The two inch Asian giant hornets actually get their nickname for something even more horrific than you might think.
You see, when these cuddly critters get hold of honey bees, they are capable of ripping their heads clean off in large numbers.
Aren’t you glad you’ve got that little factoid of a Sunday morning?
Anyway, it’s a serious issue – not least because they’re an invasive species that’s tearing the heads off bees.
The WSDA confirmed that one of the creatures – which can grow to nearly six centimetres long – was caught in a trap near Birch Bay in Whatcom County on July 14.
Now, they just need to get hold of the rest of them.
Sven Spichiger, the agency’s managing entomologist, explained: “This is encouraging because it means we know that the traps work.
“But it also means we have work to do.”
Sven and his chums have got their work cut out for them, but they’ve got some pretty handy technology to assist them along the way.

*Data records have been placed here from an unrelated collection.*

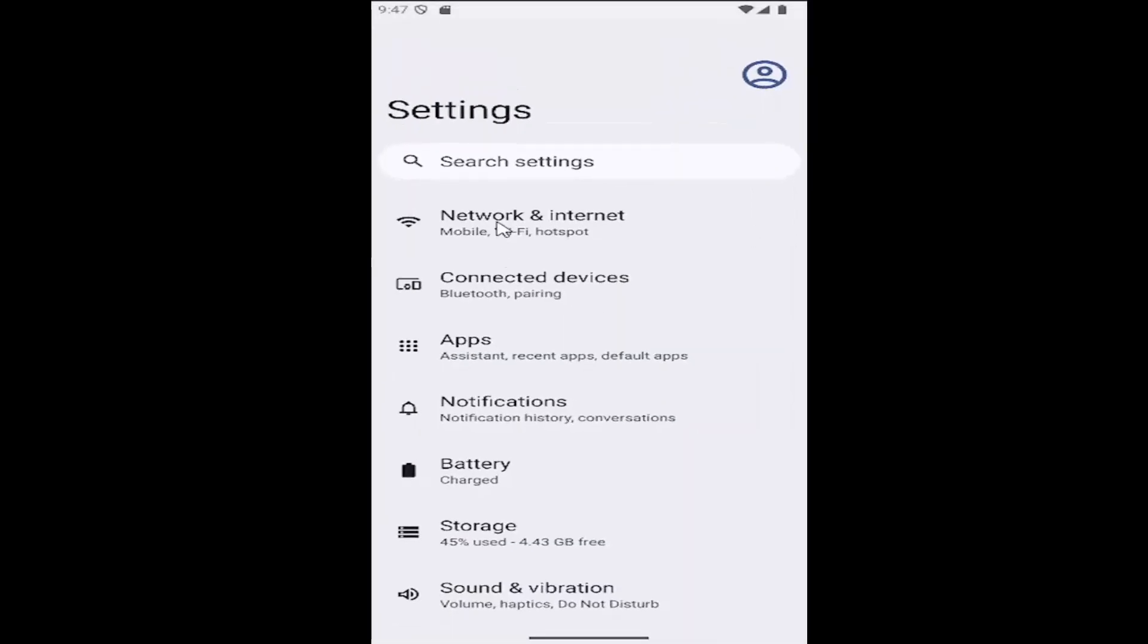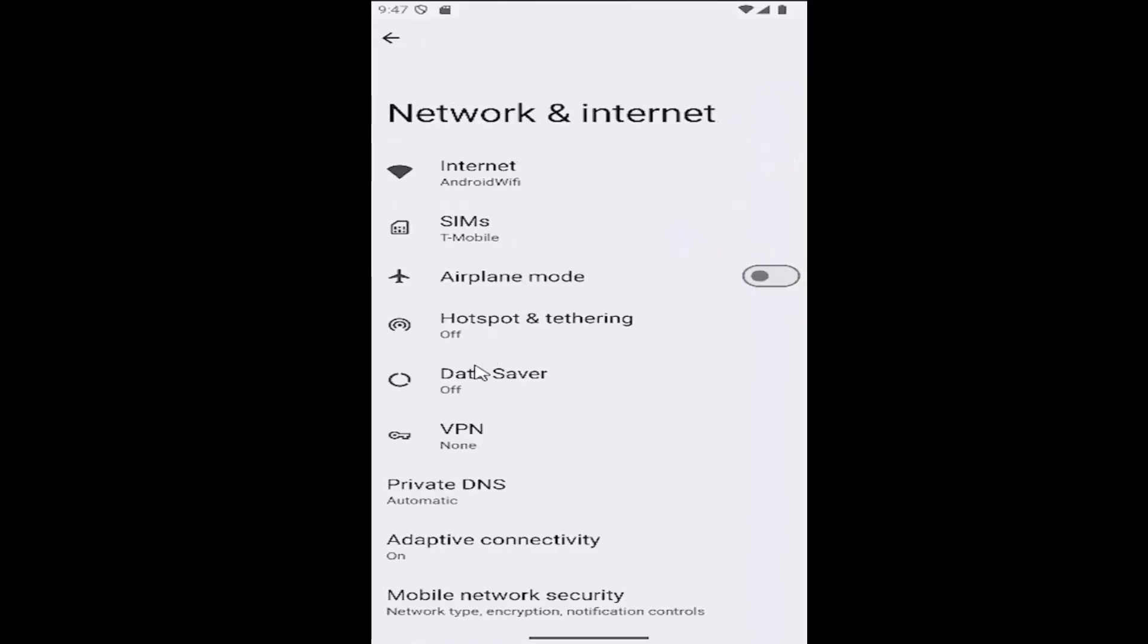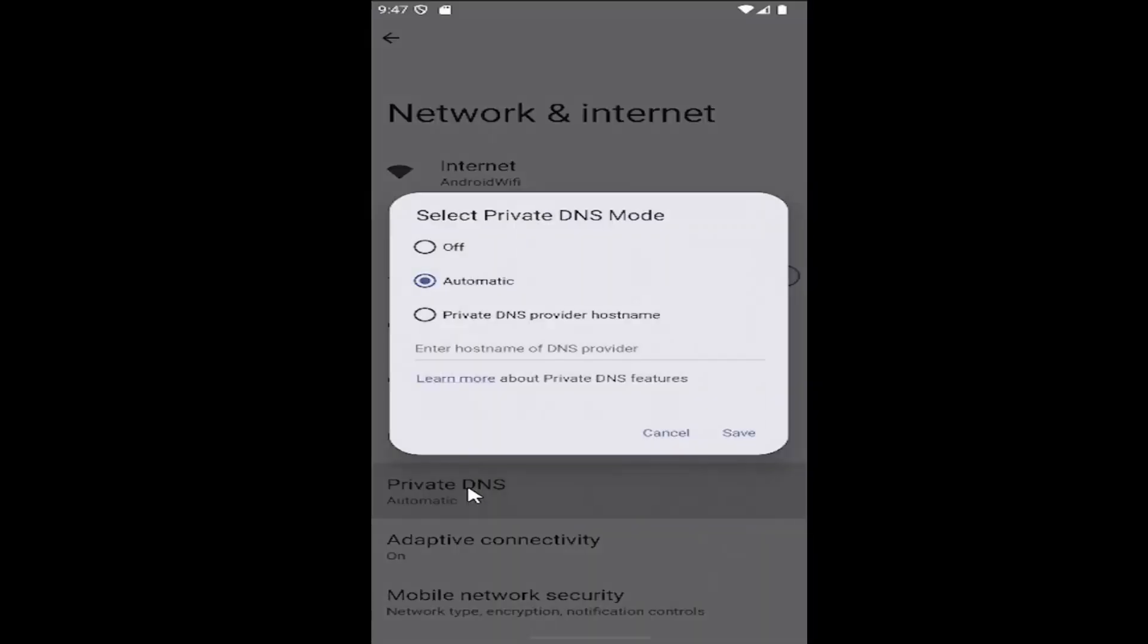And now you want to select the network and internet tile. And then select where it says private DNS down here. You can go ahead and select where it says private DNS provider hostname and enter that in here.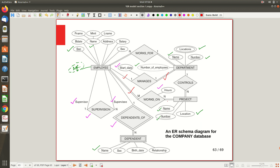For 'Works On,' an employee must work on at least one project (total), and a project must have at least one employee assigned (total). The 'Depends On' relationship is always total on the dependent side. For 'Supervision,' both sides are partial — not all employees supervise someone else, and those at the very top of the hierarchy have no supervisor above them, while those at the bottom may have no subordinates.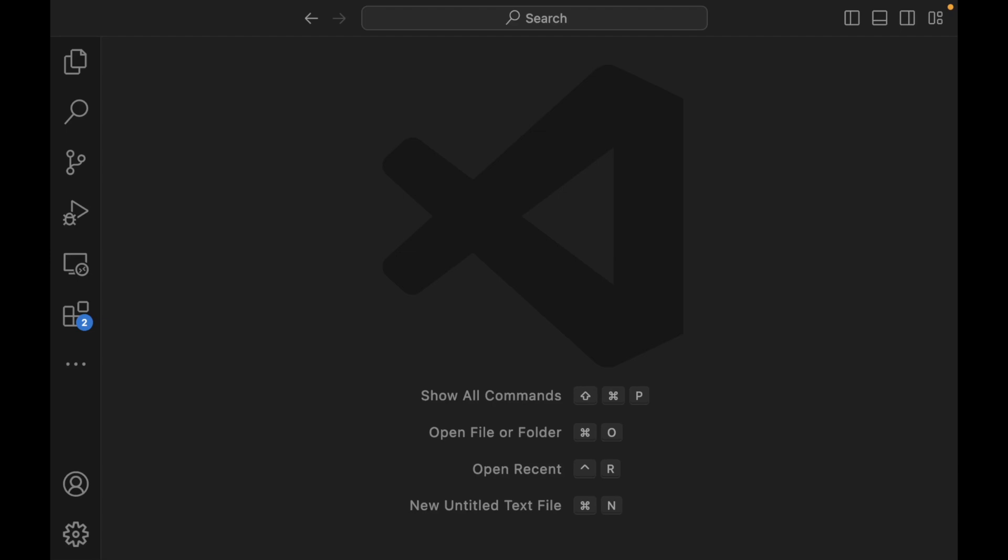Welcome back everyone to Data Science for Everyone. Today we're going to be looking at CSS. Let's get started.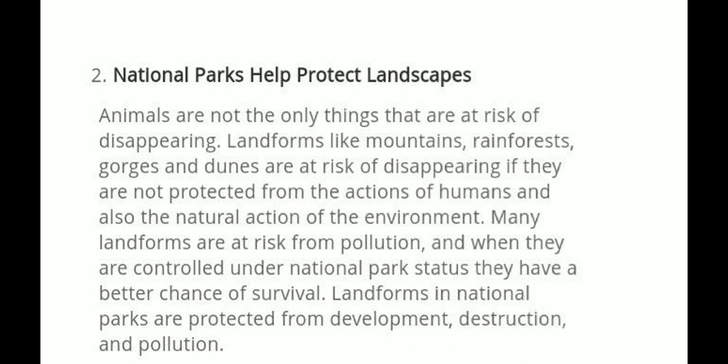Many landforms are at risk from pollution, and where there are controls under National Parks, they have a better chance of survival. Landforms in natural parks are protected from development, destruction, and pollution.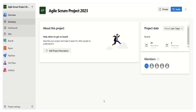Hello everyone. Welcome to this new video. With this video, I'm starting a series on Azure DevOps — how we can use it for the Agile Scrum team and Agile Scrum practices.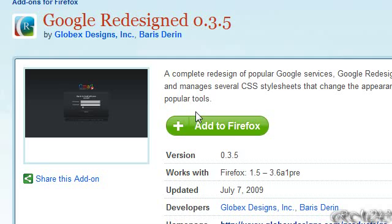Hello guys, in this video I'm going to show you a Firefox extension called Google Redesign. This allows you to modify the interface and appearance of Gmail, Google Reader, and Google Calendar. So let me show you an example with Gmail.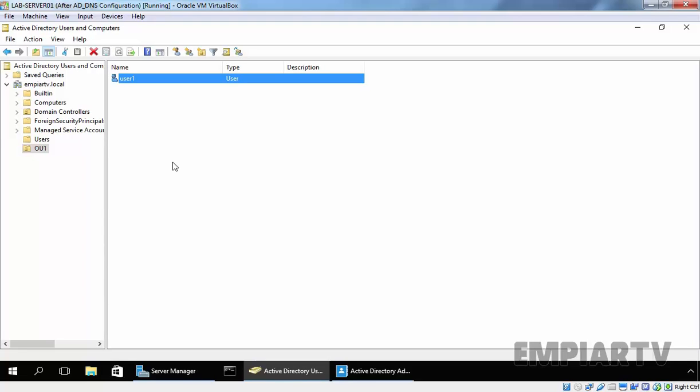This is the simple two-method to create organizational units by using Graphical User Interface in Windows Server 2016 Active Directory. That's it for this demonstration. Thanks for watching this video.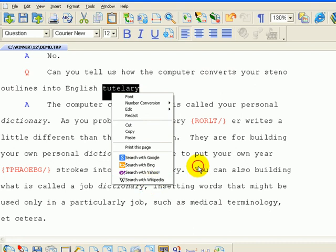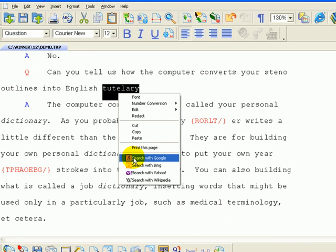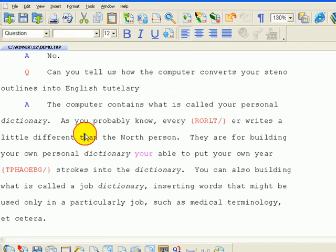So you just double-click and then right-click on it to search with Google. I'm double-clicking to highlight the word.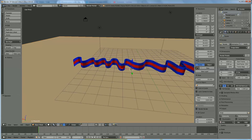Hi everyone. I got a question about what we can do with the ribbon — can we bend it, can we curve it? So I'm going to show you how to do it.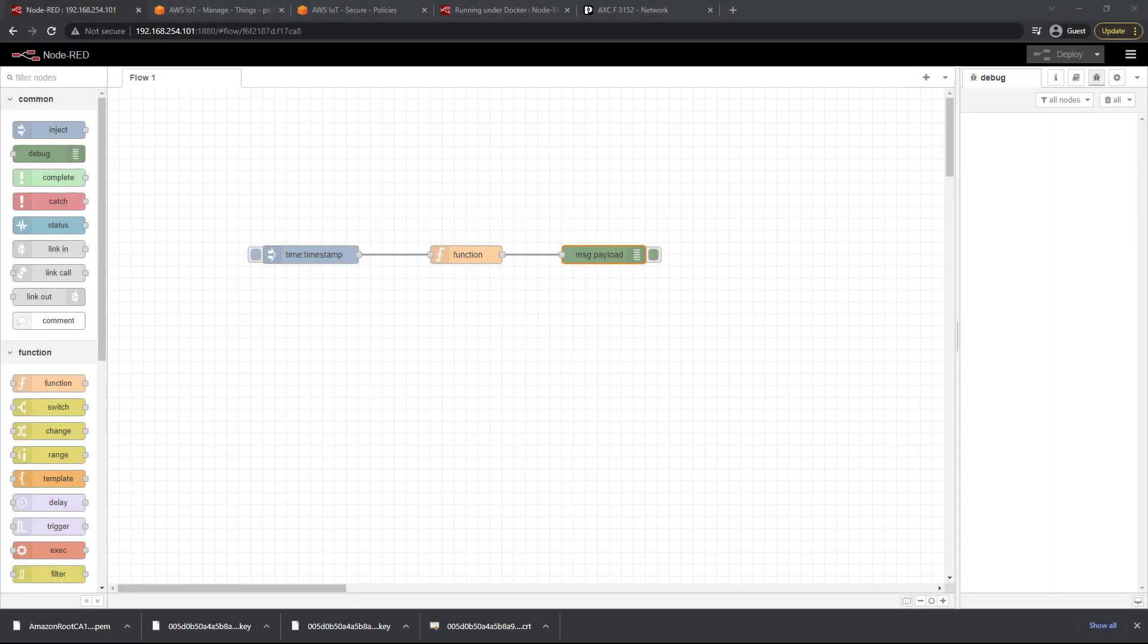Hello and welcome back. In this lesson we're going to take our simulated data from Node-RED, output that into an MQTT node, configure that MQTT node to talk to AWS IoT Core, and then confirm that that data arrives to the cloud properly. So let's get started.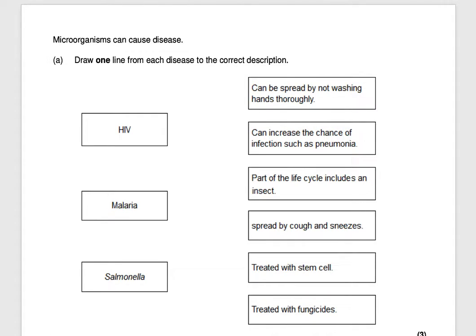Hi everyone and welcome to our video on some exam questions related to infection and response. Our first exam question states: microorganisms can cause disease. Draw one line from each disease to the correct description.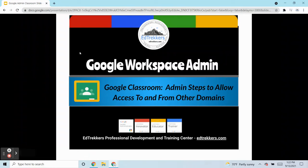Hello and welcome to Google Workspace Admin. On behalf of Edtrekkers, I'd like to welcome you. In this tutorial we will show you how to modify your Google Classroom settings in the Admin panel to allow access to and from other domains.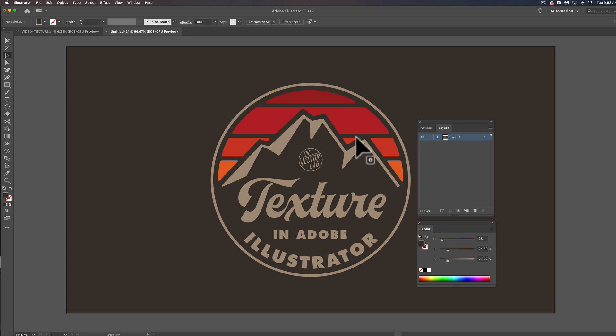I want to show you one of the best ways to add texture to your t-shirt designs in Adobe Illustrator.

The plan is to use infrared cameras to look for where the hornets are nesting and lay down traps in order to catch the hornets alive.
Then, they’ll tag them up and try to trace them back to colonies, that will then be destroyed.
It’s tough on the poor murder hornets, but they’re an invasive species and can’t be allowed to proliferate in the area.
Also, they’re absolutely f***ing horrifying.
The WSDA are hoping that they can identify and destroy the nest by mid-September because the hornets will start creating new queens and drones around then, meaning that they’ll be tougher to shift.
Nobody is completely sure exactly how they managed to get into Washington State from Asia in the first instance.
It could be through container ships, or packages shipped across to the USA from Asia, or travellers coming back to the US from overseas.
Either way, the hornets have got to go.